Obamacare’s Exchange Crises
Consumer Power Report #461
The Pioneer Institute reports on the behind-the-scenes crisis in Massachusetts, where the launch of the Obamacare exchange was disastrous.
The Pioneer Institute will publish a scathing report on Monday about the state’s management of Massachusetts’ troubled Health Connector website under former governor Deval Patrick.
The Pioneer Institute is a conservative think tank that has been critical of the Affordable Care Act and Massachusetts’ implementation of it. The report is based on accounts from two primary whistle-blowers, conversations with other officials and reviews of internal audits, which are public documents.

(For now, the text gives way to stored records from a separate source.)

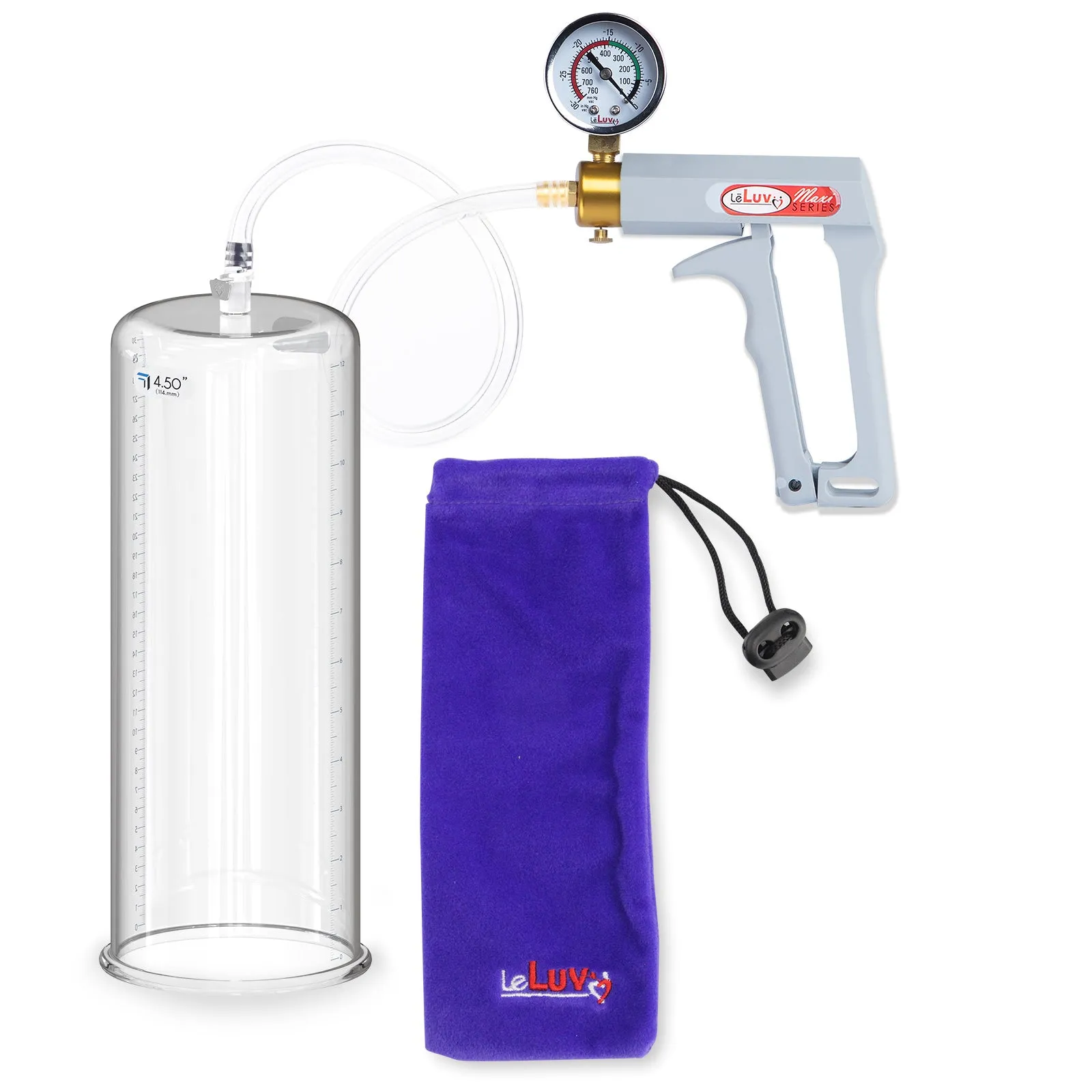 LeLuv Penis Pump Maxi Gray Handle, Clear Hose | 9" or 12" Length x 1.35"-5.0" Diameters | Gauge Options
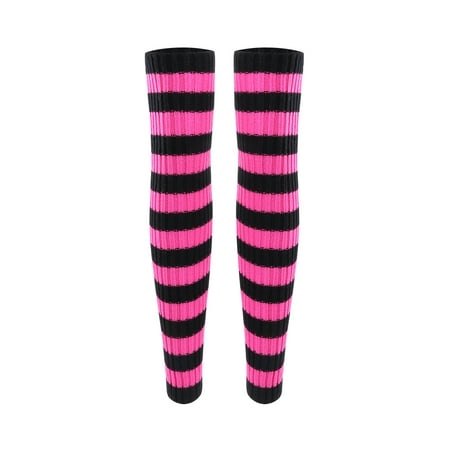 

LisenraIn Women Striped Leg Warmers Knee High Socks Knit Ribbed Leg Warmers
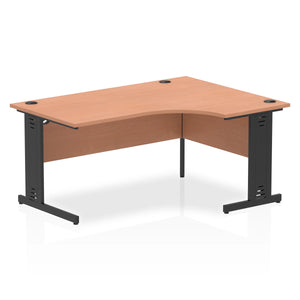 160cm Beech L Desk Black Leg Right Hand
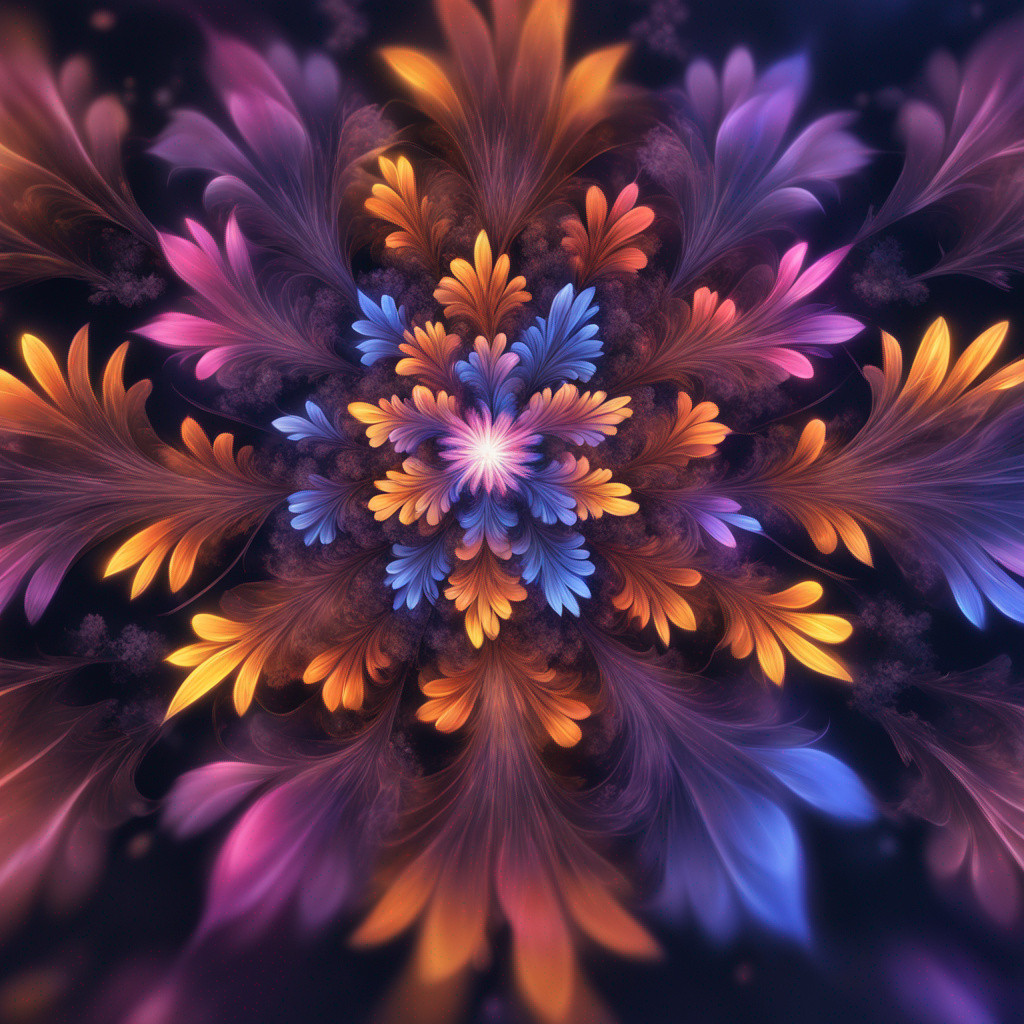 Many Colors Flowers And Stars, Fractal, 8k Photo,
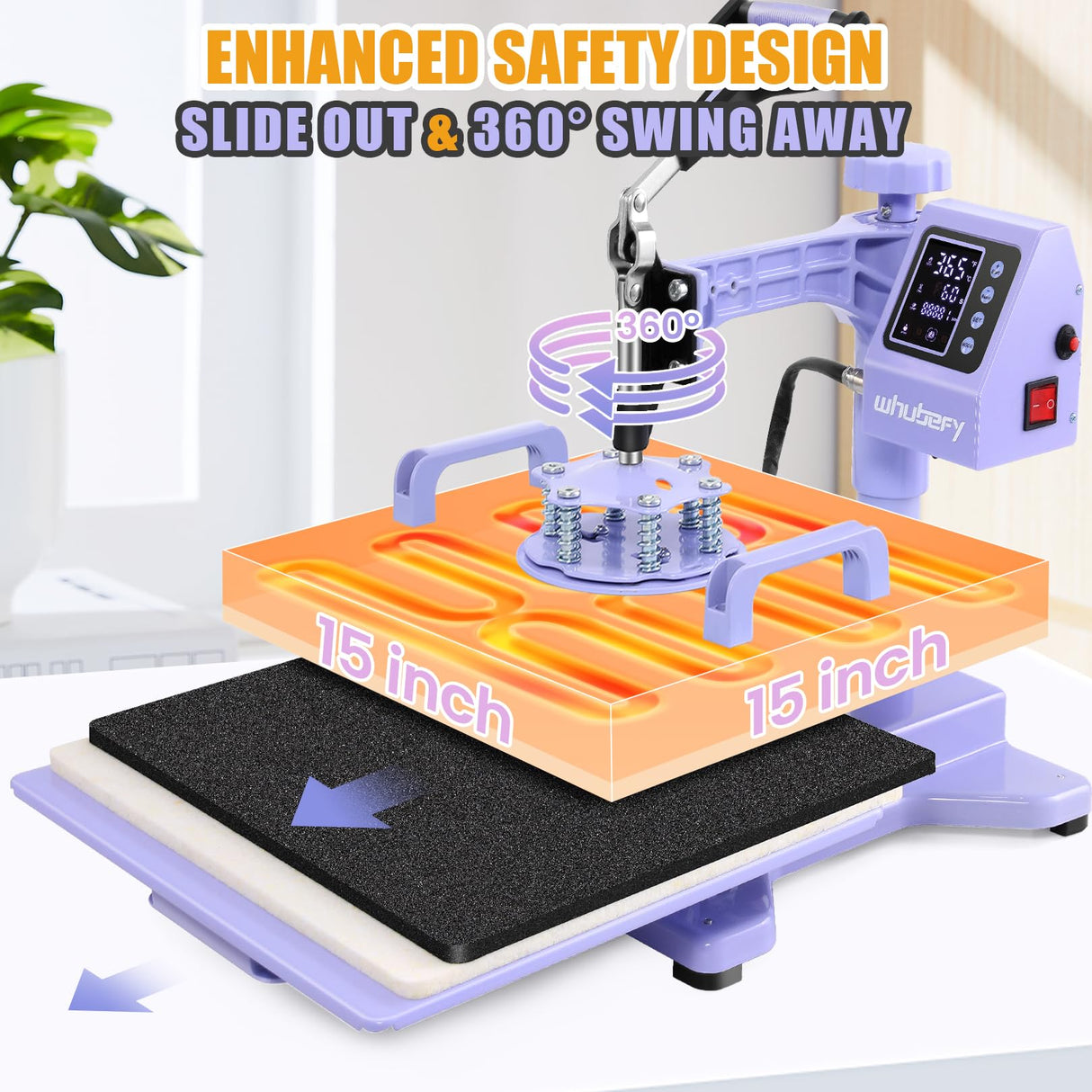 Whubefy Heat Press Machine for T Shirts 15x15 with 30OZ Tumbler Press 8 in 1 Slide Out & Swing Away Digital Heat Transfer with 3 Pre-Set Modes & Counting Function for Bulk Press Hat Cap Mug Plate Whubefy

The report finds that Massachusetts officials failed to hold CGI, the technology company contracted to build the website, accountable for shoddy work and missed deadlines. It did not provide CGI with adequate resources or proper state leadership. State officials apparently misrepresented the progress of the website to the Health Connector board and the federal agency overseeing Medicaid, according to the report.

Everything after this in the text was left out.